Tuesday, March 21, 2017

The Blues Brothers and protecting family trust assets


As set out in earlier posts, and with thanks to the Television Education Network, today’s post considers the above mentioned topic in a ‘vidcast’ at the following link - https://youtu.be/kOMhiXHR-5A

As usual, an edited transcript of the presentation for those that cannot (or choose not) to view it is below –

The case of Morton & Morton (email me if you want a copy of the decision) is one we often refer to as the Blues Brothers’ case.

The structure was a corporate trustee where there were two shareholders. Those two shareholders were brother 1 and brother 2.

The percentage share that they each had was 50%. The two brothers were the two directors. There were two primary beneficiaries, being the two brothers. You might start to see a pattern with this one.

There were two appointors – again, brother 1 and brother 2. The one point of distinction was there was one bucket company, so one corporate beneficiary. That bucket company was owned by the family trust itself.

Brother 1 was busting up with his wife. Her argument was ‘everything is 50-50 here. Clearly, my husband is entitled to 50% of the trust assets because he’s got 50% of the control, got 50% of the appointorship, got 50% of the shareholding, got 50% of the distributions.’

‘My husband is entitled to 50% of everything and therefore I'm entitled to a percentage share of his 50%.’

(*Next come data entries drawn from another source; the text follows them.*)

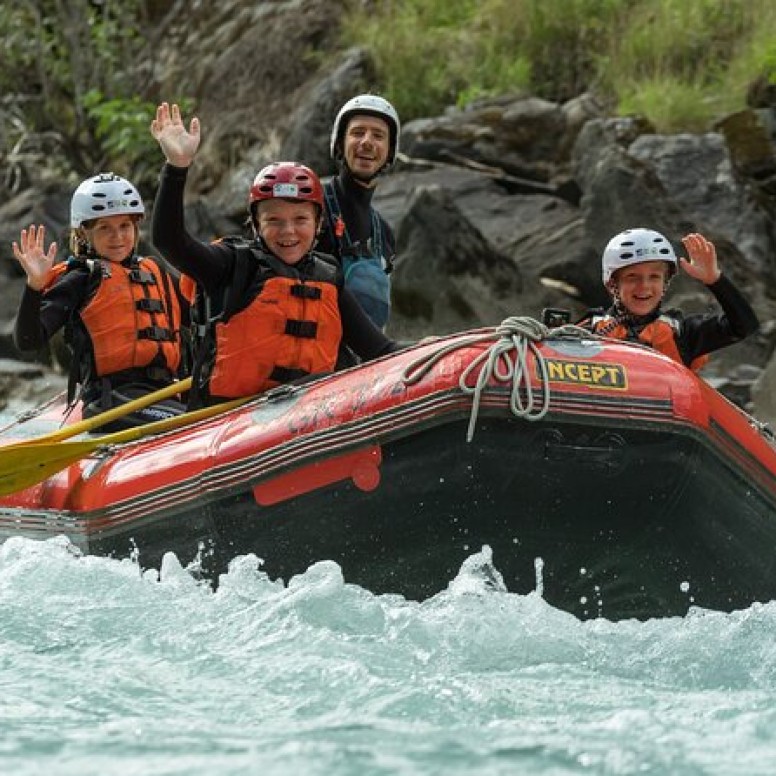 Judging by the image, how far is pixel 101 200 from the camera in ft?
21.6

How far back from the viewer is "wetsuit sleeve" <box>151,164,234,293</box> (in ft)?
17.8

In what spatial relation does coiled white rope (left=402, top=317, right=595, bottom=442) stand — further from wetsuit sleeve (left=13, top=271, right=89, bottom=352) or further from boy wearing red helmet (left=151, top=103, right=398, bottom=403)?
wetsuit sleeve (left=13, top=271, right=89, bottom=352)

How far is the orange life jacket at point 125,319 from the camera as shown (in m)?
6.57

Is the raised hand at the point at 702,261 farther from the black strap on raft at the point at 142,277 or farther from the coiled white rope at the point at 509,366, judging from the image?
the black strap on raft at the point at 142,277

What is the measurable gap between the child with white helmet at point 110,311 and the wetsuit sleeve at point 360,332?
34.0 inches

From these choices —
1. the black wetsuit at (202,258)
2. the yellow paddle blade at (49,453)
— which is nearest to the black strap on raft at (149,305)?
the yellow paddle blade at (49,453)

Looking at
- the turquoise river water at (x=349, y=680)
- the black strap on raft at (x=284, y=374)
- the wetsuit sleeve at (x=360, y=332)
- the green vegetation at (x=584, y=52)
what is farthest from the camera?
the green vegetation at (x=584, y=52)

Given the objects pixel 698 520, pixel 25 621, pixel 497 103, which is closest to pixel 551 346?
pixel 698 520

The court said no. The court said because all relevant aspects are 50-50 for each brother, then this is in fact analogous to each brother effectively having 0%, because it was the same as nothing. Thus, the assets of the trust were protected.

Ultimately, the Blues Brothers case is a really important decision. It is a decision that should give everybody confidence that structured properly, trusts can be a very powerful instrument in the context of matrimonial breakdowns.